Amanda Marcotte has an excellent post up about this execrable new meme of "young men writing signs extolling the joys of 'natural' beauty and taking photos of themselves with these signs, complete with wounded expressions conveying the pain they feel because the women of the world get dressed in the morning without thinking first of the preferences of these guys' specific cocks."
She hits all the salient points, the most obvious of which is that this is just more of the same ugly "ladies, men know what's best for you" misogynist attitude. Scratch a Nice Guy, find a sexist. One who would run screaming from a woman with bed head, stubbly legs and greasy skin. They want us to have glowing skin, toned muscle and shiny hair--but hair-free bodies!--and be able to pretend that it all happened solely with the power of their love, and not with any help from slut-enablers like Revlon and the neighborhood gym.

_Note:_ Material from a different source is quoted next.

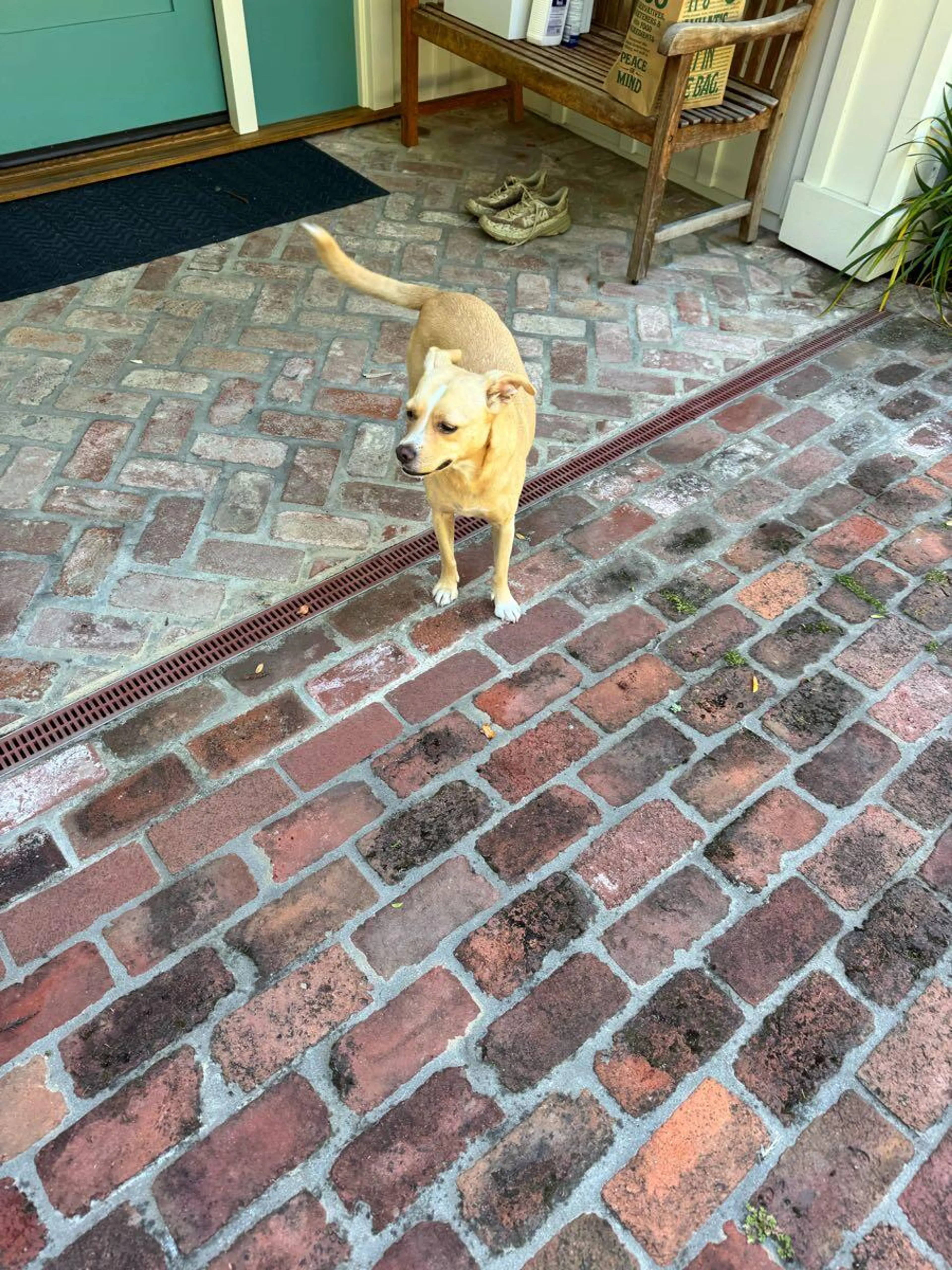 Found pet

Also troubling is the narrative that women only wear make-up--or do anything, really--so we can get a cock stuffed in us. But only if it leads to marriage and a hundred babies! Because women never fuck just for fun, like it goes without saying men do. It seems to be a completely alien thought to Nice Guys that some woman might wear cosmetics because they're fun.
I know some of my female friends don't like or use make-up, and I absolutely have no argument with that. Like anything else we do with our bodies, that is 100% a personal choice that is none of mine or anyone else's business. But just know, eschewing it does not make you a better or more of a feminist than I am.
I've had problems with certain kinds of make-up in the past, like nipple blush. The problem with cosmetics is that at some point, society decided that only women got to use them, at which point it became another weapon against them. A better solution to this problem is not to try eliminating cosmetics--which, like pornography, have existed virtually as long as human civilization and are probably not going anywhere--but to once again make it socially acceptable for all genders. Which it has been for most of human history: cosmetics have until recently been a mark of class, not gender. They shouldn't be a mark of anything now. I look forward to the day when a man can say "I don't care to wear make-up".